PROVIDED RECORDS →
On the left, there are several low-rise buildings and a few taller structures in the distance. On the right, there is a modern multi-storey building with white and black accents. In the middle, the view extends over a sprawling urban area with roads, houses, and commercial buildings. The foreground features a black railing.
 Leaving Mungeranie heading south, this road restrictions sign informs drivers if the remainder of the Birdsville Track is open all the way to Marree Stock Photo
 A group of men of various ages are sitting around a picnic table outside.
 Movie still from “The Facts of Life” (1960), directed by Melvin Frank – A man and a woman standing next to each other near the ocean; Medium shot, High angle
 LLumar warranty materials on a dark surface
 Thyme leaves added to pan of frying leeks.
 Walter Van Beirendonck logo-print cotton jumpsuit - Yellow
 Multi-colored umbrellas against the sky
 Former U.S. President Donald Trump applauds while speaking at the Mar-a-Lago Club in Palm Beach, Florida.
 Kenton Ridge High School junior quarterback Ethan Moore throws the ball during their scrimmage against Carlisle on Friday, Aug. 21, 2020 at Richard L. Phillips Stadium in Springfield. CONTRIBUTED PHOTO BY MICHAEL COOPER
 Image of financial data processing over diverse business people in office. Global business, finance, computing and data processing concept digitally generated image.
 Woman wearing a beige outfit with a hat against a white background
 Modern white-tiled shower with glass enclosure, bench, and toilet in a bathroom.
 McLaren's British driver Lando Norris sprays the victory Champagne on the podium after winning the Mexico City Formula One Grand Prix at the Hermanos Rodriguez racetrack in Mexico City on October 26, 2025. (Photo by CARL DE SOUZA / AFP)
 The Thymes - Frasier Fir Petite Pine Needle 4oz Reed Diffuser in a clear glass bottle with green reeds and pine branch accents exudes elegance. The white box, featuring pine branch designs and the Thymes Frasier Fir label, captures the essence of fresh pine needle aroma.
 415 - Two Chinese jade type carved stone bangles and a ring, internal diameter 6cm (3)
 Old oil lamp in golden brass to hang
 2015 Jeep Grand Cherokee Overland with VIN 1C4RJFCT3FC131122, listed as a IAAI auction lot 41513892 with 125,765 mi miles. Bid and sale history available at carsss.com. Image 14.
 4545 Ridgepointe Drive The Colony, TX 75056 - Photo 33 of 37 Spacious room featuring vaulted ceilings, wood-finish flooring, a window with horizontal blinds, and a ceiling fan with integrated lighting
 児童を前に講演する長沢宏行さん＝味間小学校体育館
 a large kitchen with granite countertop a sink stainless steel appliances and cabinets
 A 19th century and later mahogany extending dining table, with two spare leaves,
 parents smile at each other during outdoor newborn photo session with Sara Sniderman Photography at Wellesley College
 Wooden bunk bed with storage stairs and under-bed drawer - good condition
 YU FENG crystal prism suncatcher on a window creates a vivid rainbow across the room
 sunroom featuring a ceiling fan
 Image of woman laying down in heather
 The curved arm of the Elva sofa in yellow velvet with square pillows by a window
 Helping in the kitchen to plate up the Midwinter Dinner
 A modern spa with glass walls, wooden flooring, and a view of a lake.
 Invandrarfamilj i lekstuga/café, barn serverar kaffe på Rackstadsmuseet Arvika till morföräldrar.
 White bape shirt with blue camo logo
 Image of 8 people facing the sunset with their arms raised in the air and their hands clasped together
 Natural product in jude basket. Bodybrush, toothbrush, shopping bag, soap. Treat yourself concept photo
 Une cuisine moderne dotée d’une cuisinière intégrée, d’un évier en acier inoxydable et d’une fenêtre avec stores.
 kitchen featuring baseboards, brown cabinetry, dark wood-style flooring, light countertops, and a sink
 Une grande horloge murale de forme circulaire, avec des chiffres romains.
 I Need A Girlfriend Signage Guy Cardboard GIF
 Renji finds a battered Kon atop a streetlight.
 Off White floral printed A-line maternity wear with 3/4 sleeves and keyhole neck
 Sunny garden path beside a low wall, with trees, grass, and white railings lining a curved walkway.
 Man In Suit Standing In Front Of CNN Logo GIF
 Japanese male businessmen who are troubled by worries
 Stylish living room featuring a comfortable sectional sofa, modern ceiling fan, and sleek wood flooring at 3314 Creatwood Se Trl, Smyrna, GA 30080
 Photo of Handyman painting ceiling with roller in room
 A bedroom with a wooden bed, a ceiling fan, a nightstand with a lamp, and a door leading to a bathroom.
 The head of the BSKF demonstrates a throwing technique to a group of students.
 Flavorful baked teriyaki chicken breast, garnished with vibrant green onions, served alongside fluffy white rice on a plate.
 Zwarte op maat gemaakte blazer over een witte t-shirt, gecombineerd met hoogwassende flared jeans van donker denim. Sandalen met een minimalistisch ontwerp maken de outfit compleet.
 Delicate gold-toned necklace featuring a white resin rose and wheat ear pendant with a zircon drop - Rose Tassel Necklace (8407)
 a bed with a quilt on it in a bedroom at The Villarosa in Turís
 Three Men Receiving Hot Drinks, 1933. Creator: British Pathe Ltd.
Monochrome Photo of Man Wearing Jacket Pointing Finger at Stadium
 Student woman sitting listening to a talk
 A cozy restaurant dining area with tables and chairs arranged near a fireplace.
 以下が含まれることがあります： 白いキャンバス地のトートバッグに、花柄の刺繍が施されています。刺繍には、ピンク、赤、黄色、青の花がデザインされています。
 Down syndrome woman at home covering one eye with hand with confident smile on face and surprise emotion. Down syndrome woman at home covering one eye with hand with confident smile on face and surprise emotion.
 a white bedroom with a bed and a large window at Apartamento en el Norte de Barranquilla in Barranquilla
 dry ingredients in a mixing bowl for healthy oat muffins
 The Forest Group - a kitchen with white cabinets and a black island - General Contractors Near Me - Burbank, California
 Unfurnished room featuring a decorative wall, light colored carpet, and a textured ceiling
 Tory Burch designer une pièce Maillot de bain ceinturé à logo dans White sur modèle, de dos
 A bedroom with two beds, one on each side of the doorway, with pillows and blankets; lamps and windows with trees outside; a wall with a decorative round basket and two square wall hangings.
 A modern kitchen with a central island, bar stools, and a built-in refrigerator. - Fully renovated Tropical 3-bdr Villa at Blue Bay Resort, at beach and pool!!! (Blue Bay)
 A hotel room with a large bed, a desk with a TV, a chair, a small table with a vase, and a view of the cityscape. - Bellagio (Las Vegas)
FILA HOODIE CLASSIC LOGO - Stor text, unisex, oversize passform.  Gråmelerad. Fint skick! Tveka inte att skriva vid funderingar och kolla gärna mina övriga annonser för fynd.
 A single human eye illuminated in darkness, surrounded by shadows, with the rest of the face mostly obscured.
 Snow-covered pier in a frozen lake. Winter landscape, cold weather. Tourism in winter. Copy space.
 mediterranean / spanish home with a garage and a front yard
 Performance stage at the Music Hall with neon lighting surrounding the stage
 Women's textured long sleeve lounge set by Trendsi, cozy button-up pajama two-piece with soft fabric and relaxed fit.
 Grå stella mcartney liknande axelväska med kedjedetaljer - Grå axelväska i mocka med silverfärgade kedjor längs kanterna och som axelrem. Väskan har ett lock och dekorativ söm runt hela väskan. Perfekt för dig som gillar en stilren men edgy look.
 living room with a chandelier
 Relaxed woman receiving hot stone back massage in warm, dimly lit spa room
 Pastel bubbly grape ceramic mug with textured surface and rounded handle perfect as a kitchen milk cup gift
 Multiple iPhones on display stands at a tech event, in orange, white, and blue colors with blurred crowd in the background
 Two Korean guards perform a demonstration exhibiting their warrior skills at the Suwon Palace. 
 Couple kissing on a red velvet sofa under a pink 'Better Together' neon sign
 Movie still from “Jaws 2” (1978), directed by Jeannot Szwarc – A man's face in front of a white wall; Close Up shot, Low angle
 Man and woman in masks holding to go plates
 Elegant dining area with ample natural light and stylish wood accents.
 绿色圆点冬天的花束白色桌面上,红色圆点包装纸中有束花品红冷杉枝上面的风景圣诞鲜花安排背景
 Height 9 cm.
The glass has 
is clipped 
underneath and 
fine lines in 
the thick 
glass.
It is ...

TASK REQUIREMENTS → Return word for word the lines above from the line with "parents smile at" to the line with "A modern spa", including both and leaving out all others.

ANSWER TO THE EXERCISE →
 parents smile at each other during outdoor newborn photo session with Sara Sniderman Photography at Wellesley College
 Wooden bunk bed with storage stairs and under-bed drawer - good condition
 YU FENG crystal prism suncatcher on a window creates a vivid rainbow across the room
 sunroom featuring a ceiling fan
 Image of woman laying down in heather
 The curved arm of the Elva sofa in yellow velvet with square pillows by a window
 Helping in the kitchen to plate up the Midwinter Dinner
 A modern spa with glass walls, wooden flooring, and a view of a lake.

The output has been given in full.